The first one was called Maestra for several reasons. The artist who inspires Judith in the first book is Artemisia Gentileschi. She was the first woman to be admitted into the Guild of Painters in Florence in the 17th century. So they had to change the traditional appellation from maestro to maestra for a woman. Second, when we think of the word maestro, we think of an orchestra conductor, someone who is capable of maintaining a lot of complex narratives simultaneously. That struck me as being the kind of intelligence that Judith has. Also Maestra translates into mistress in English which has a sexual connotation as in a lover, but also someone who is in authority, someone who is in charge, a mistress of her destiny. It is an apt collection of tropes which gathered around the character.

While Maestro starts with a woman who has very little power or authority, she is not a mistress, she becomes one. At the beginning of Domina, she seems to be in control, but actually she is not. Also there is a little bit of playfulness because, with Domina you think of dominatrix and BDSM. Everyone said my book was like Fifty Shades of Grey so I thought let’s have some fun with that idea. The idea is that each title suggests something and then you find out that it is the opposite of what you expected. The point of Domina is that it undoes whatever happens in Maestra. The idea that she is in control is deconstructed. Hence the titles. The third book, which will be out in June 2018, is going to be called Ultima.

Why did you choose Latin words?

It was serendipitous. I picked the titles before the books were published. As it turned out, it is now published in 43 countries and they can keep the title in all 43!

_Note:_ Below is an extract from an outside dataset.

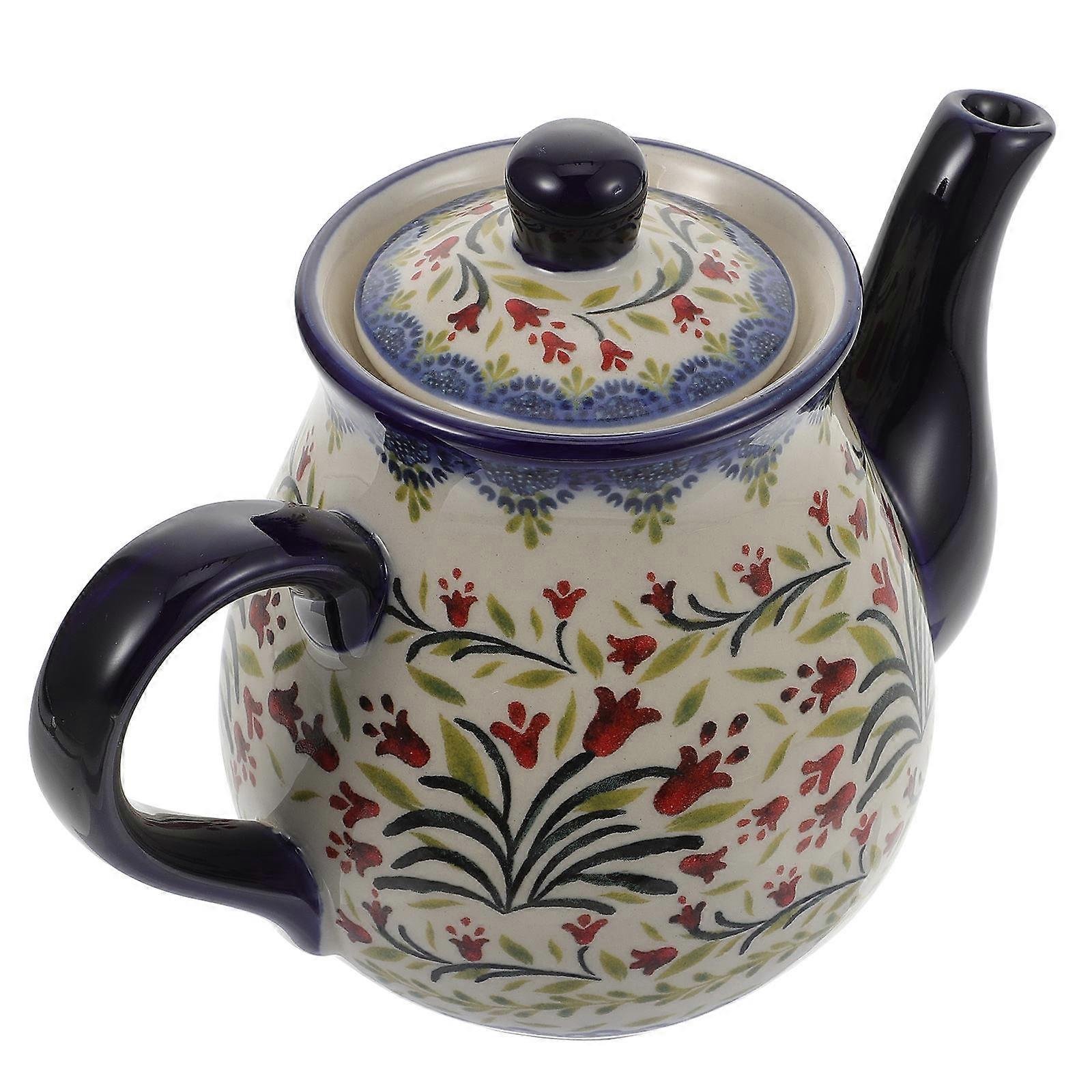 Multipurpose Ceramic Tea Kettle for Kitchen Supply 2Pcs Set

When you wrote the first book, did you already think of it as a trilogy?

To be truthful, I had thought of writing two books, I had mapped out the story in my head, but three is the magic number in publishing. Basically what I did is I borrowed a bit of the second part of the story and stuck in number one and I chopped the rest of it to make three. That’s an honest answer. I should try and make up an artistic one.

The first book is complete in itself while the second book ends in a cliff hanger...

That was not my choice. That was my publisher’s choice. If it had been up to me, I would have ended it when Judith arrives in Calabria on the beach. But I guess because it grew so much as a brand between 1 and 2, I had to take a bit more editorial direction than I like. I have more people to please.

Is Judith Becky Sharpe's millennial counterpart?

I adore Becky Sharpe. She is one of the few transgressive women in the English cannon who is not punished. I loved her spiritedness. She is also unflinching about virtue being a luxury commodity. I could never hope to create anything as enduring and brilliant but I think if I had to choose a model, it would be Becky.

Any chance of Judith coming to India?

I did have an idea for an Indian character in number 3 before I came here and now I am a bit nervous about it because I am not sure I could do it justice.